I have friends of many persuasions, politically speaking, and I’m always intrigued when I meet parents and children who end up on opposite ends of the spectrum. Is it a simple case of rebellion? Or did the kids carefully reason through their world view and announce one day, “Mom and Dad, I reject everything you hold dear.” Thank goodness that never happened in the Henderson household!

But how did I, who can remember when my hometown movie theater back in Alabama had a door marked “colored entrance” (it led straight to the balcony), and whose mother snatched off my black armband on Vietnam Moratorium Day in 1970, end up a liberal?
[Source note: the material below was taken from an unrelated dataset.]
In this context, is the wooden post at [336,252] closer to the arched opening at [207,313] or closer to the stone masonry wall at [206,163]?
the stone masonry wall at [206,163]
Two words: Uncle Jack.

The much-loved and coddled youngest of 11 children, he grew up to be the family intellectual. He ventured to Scotland (!) to get a doctorate in theology. He marched in Selma. He had a framed picture of Martin Luther King in his office. (That last one was quite a bone of contention among his conservative older brothers.) He had a fabulous life partner, Paul, who told me I looked like model when I was a scrawny teenager. And Uncle Jack was a liberal. Oh yeah! And if he was a liberal, I wanted to learn about politics and be one too.

Uncle Jack, the baby brother my mother adored, is 82 now, still smoking like a chimney, still enjoying a daily vodka and tonic, still going strong. So are the outreach ministries he started at the Presbyterian church he served for many years in Washington DC. He’s larger than life! And his influence lives on, especially in me.